Tom,
Based upon my own experience, I would recommend that your son continue on a path to become a licensed professional engineer in civil engineering. If he wants credentials in welding, I would recommend that he get certification as a CWI rather than a CWEng. To do that he will, of course, have to have the qualifying experience set forth in paragraph 5.5 of AWS B5.1 - Specification for the Qualification of Welding Inspectors. The necessary experiance is not trivial, but he should be able to collect that experience if he seeks it out while working as a civil engineer for a few years.
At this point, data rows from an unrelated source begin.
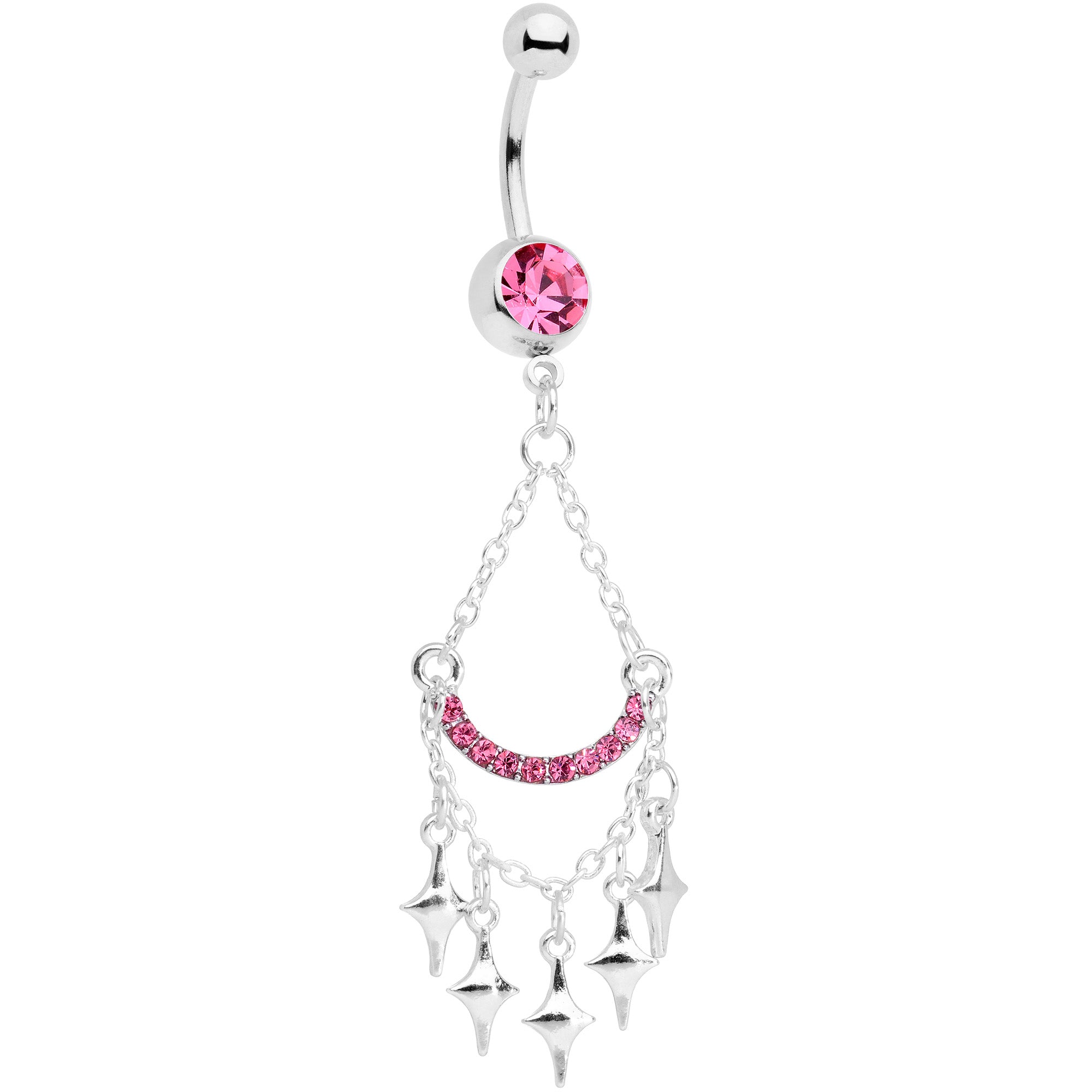 Pink Gem Double Drama Chandelier Dangle Belly Ring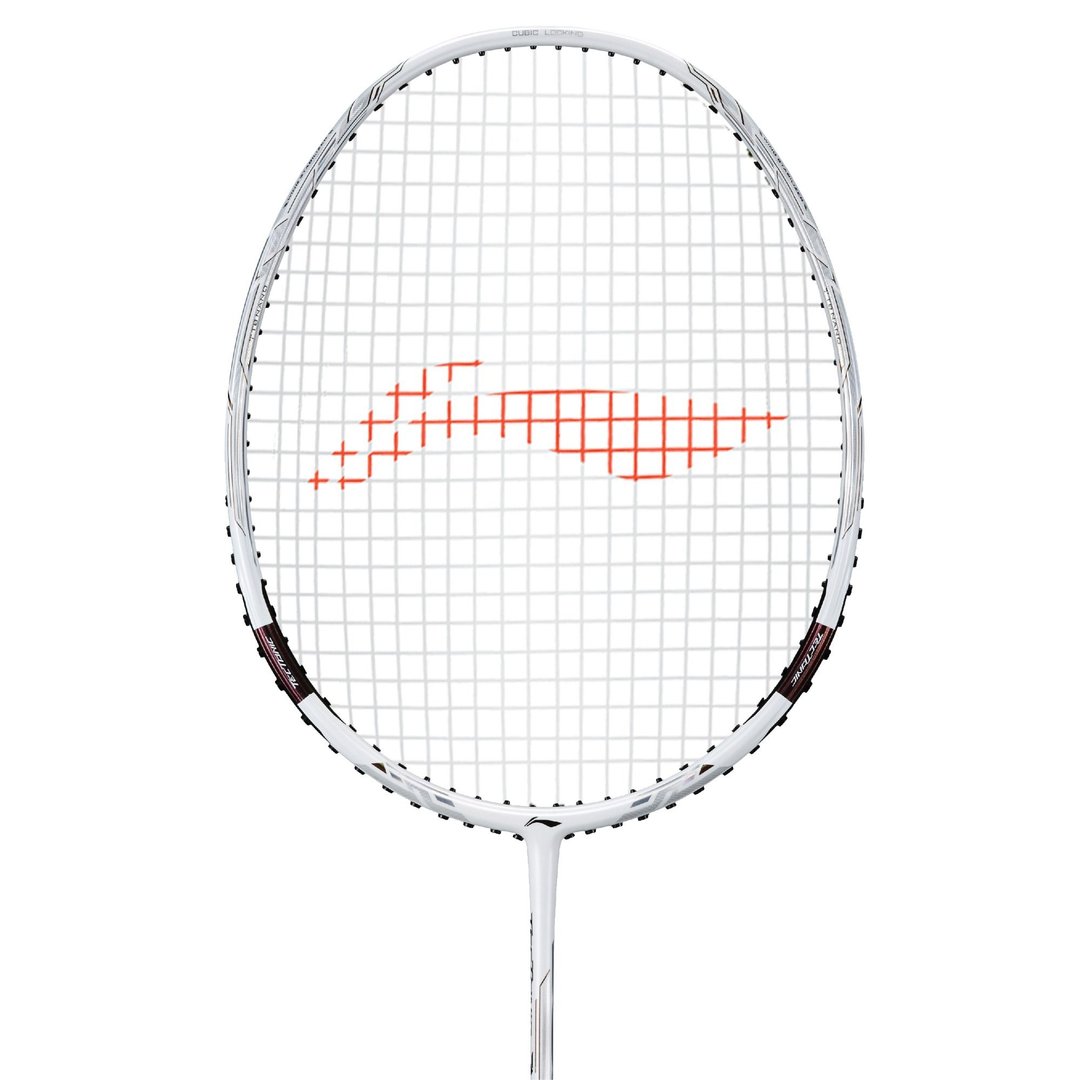 Close up of Tectonic 7D Badminton racket head by Li-ning studio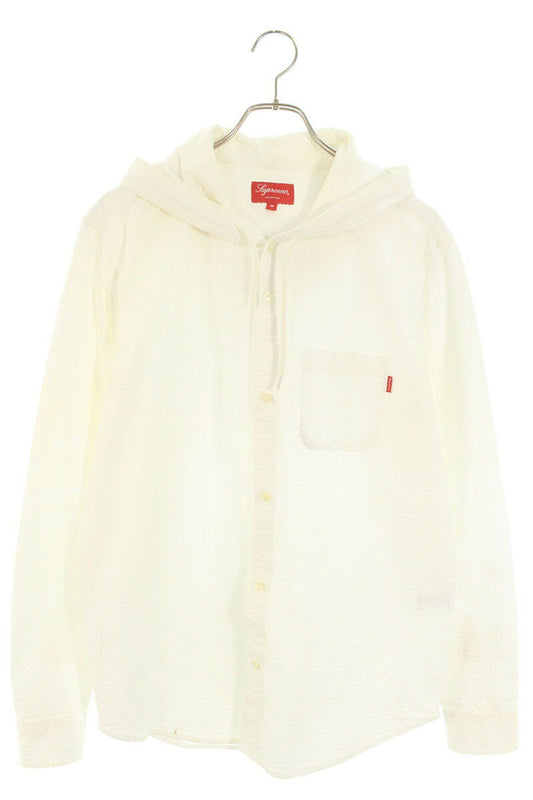 Supreme 15SS Hooded Seersucker Shirt White Size M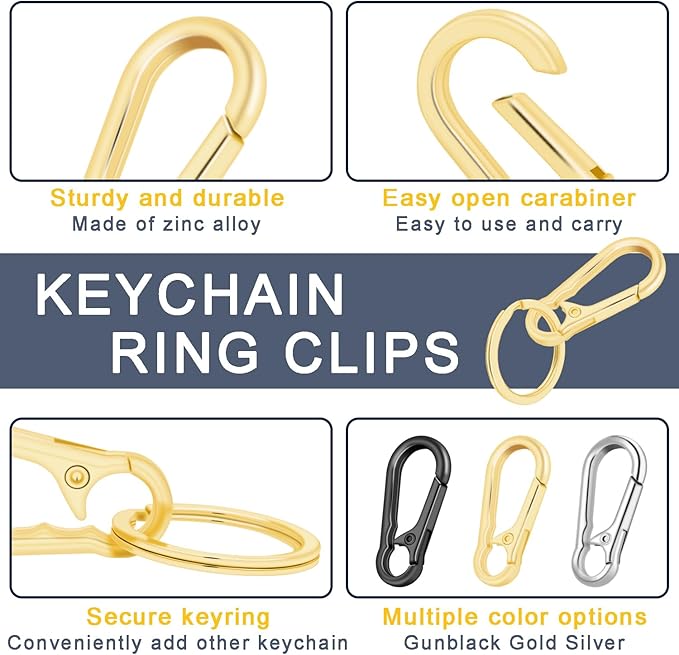 3Pack Assorted Metal Carabiner Clip, Small Keychain Rings, Mini EDC Key Ring Chain Holder Organizer for Purse Charm Hook, Car Keychain, Paracord Keychain Lanyard, Key Fob for Men and Women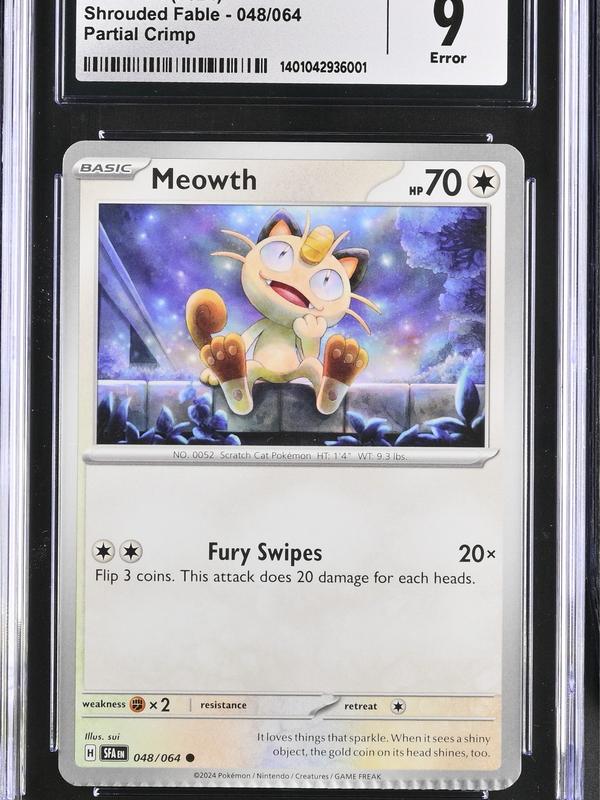 CGC 2024 Pokémon 9 ERROR Meowth Partial Crimp #048 Mint - TikTok Shop
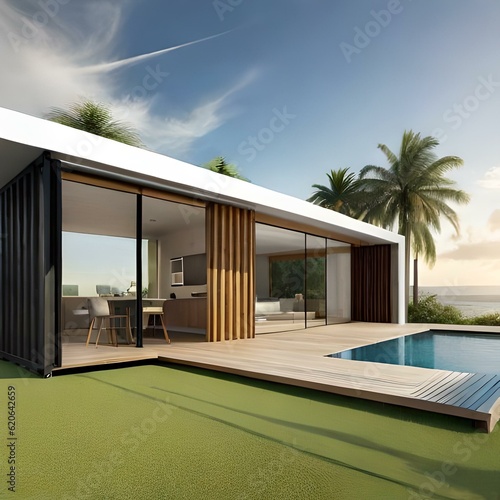 modern house with pool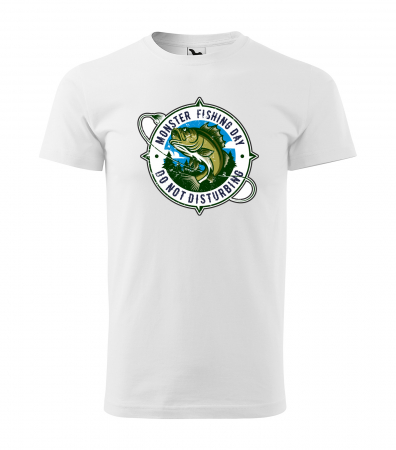 Tricouri pescari - Tricou pentru pescarii amatori si profesionisti, idee de cadou, Monster Fishing Day. Do Not Disturb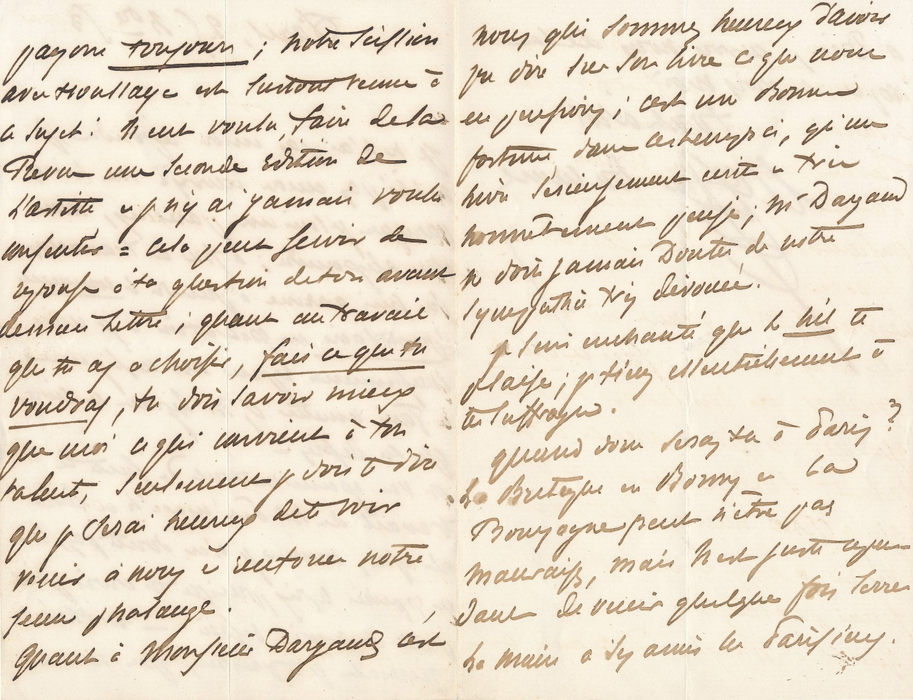 Maxime du Camp 2 lettres autographe signées éditeur Houssaye Dargaud Revue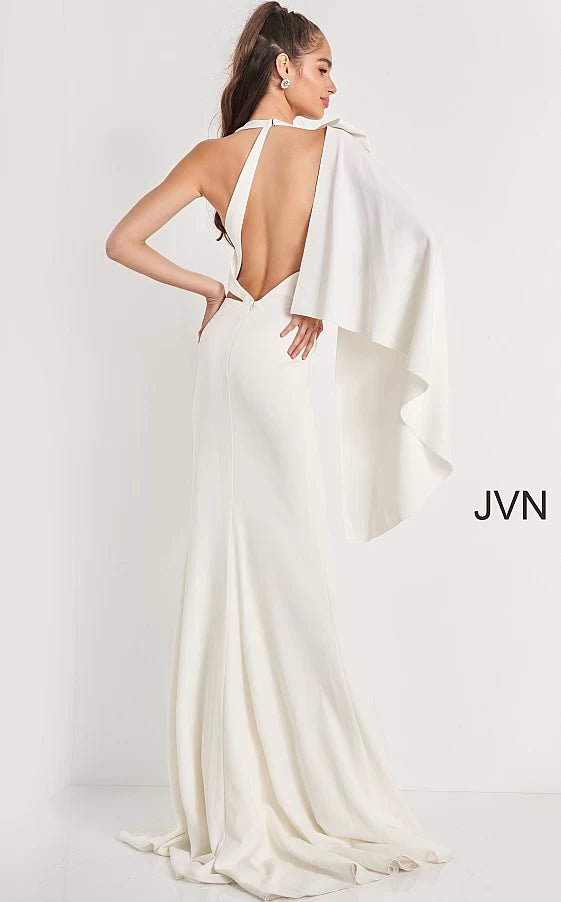 JVN by Jovani Prom Dress JVN2516 Ivory Sheath Open Back Prom Dress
The P.E. license establishes a person as an "engineer" in the eyes of the law. That is important if your son should ever want to open his own engineering company in the future or if he would want a senior position with a consulting engineering firm. There is a path to the P.E. via the Ohio principles and practice exam in welding engineering, but I don't recommend it if you can more easily get a P.E. license in some other discipline. If you want to take the P.E. exam in welding engineering, the Ohio board will put a few obstacles in your path if you don't have Welding Engineering degree from the Ohio State University. You can overcome those obstacles, but at the end of the day you may wonder why you bothered to jump through all their hoops. The Ohio P.E. license does not specify in which field of engineering the license holder is qualified to practice.
The AWS CWEng credential may have value someday, but at present it is rare (there are only about 30 CWEngs worldwide) and not widely in demand. I got my CWEng after passing Ohio's welding engineering exam. The welding industry understands the CWI credential (there about 20,00 active CWIs worldwide). I got my CWI credential after recognizing that very few people in the welding industry knew what the CWEng was.